** Opening Material provided block **

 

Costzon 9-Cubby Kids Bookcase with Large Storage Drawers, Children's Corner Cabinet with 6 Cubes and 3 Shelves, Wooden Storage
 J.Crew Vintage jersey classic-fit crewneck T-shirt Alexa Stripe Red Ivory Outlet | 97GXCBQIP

** Closing Material provided block **
** Opening Material provided block **

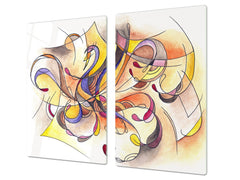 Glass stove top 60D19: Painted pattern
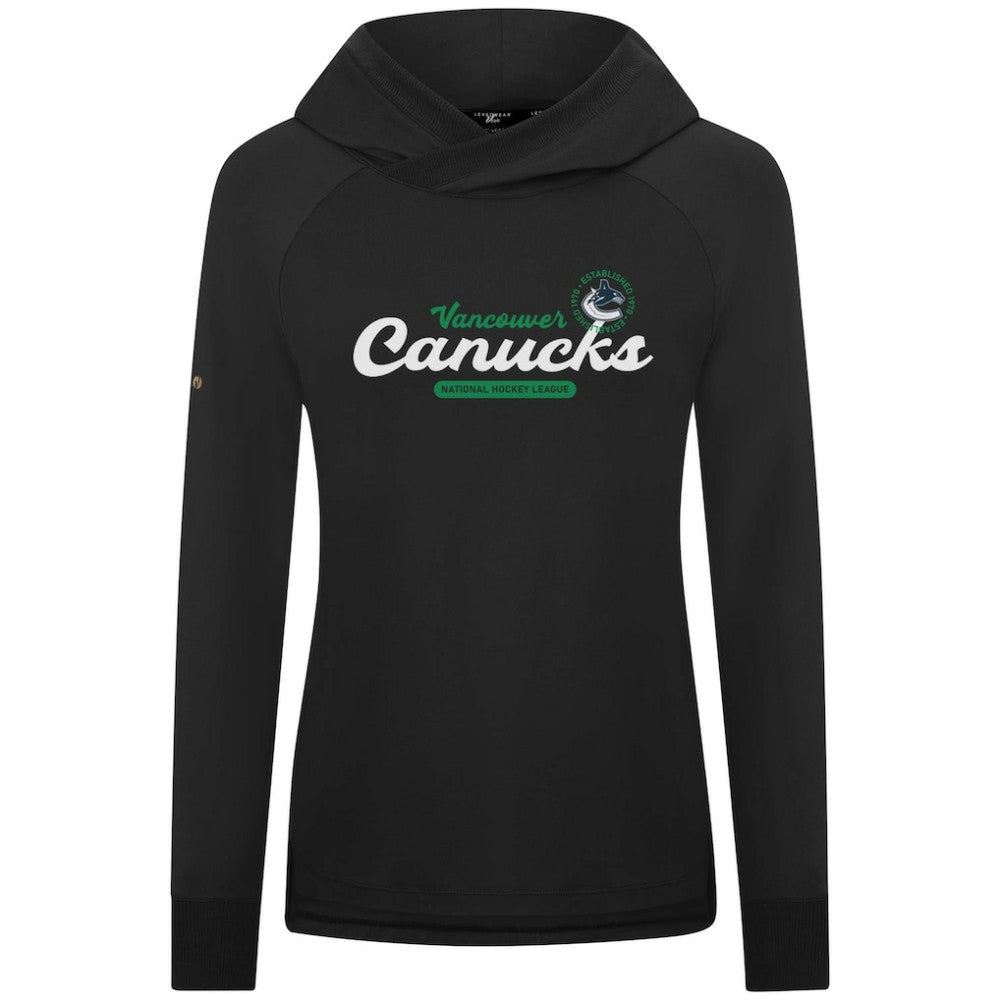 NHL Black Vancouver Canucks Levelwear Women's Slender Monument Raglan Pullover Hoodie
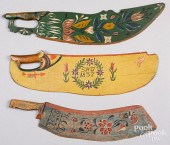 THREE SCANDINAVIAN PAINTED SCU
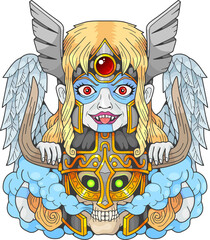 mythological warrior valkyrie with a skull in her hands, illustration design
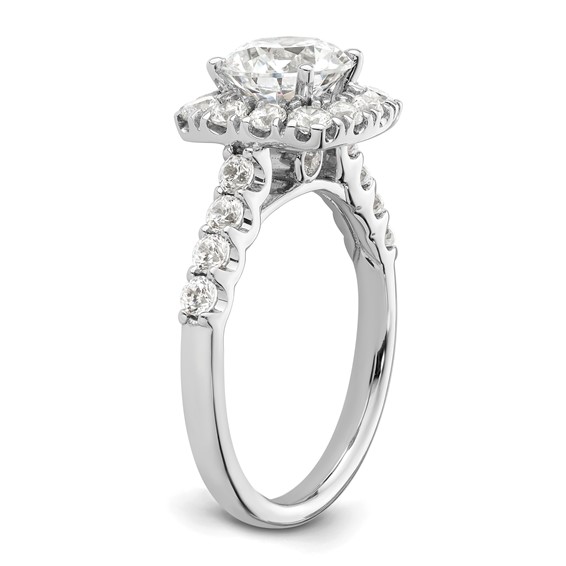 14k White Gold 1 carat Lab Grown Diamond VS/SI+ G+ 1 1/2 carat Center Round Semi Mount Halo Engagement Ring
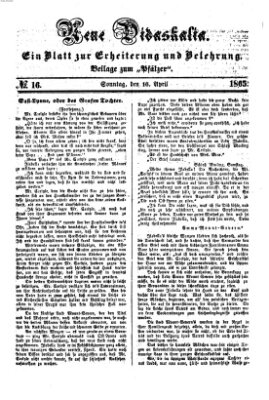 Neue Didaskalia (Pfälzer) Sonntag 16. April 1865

** Closing Material provided block **

▶ Problem:
In the records above, find the line with "Costzon 9-Cubby Kids"; write out exactly that line and each one after it, stopping after the line with "J.Crew Vintage jersey".

▶ Solution for this task:
Costzon 9-Cubby Kids Bookcase with Large Storage Drawers, Children's Corner Cabinet with 6 Cubes and 3 Shelves, Wooden Storage
 J.Crew Vintage jersey classic-fit crewneck T-shirt Alexa Stripe Red Ivory Outlet | 97GXCBQIP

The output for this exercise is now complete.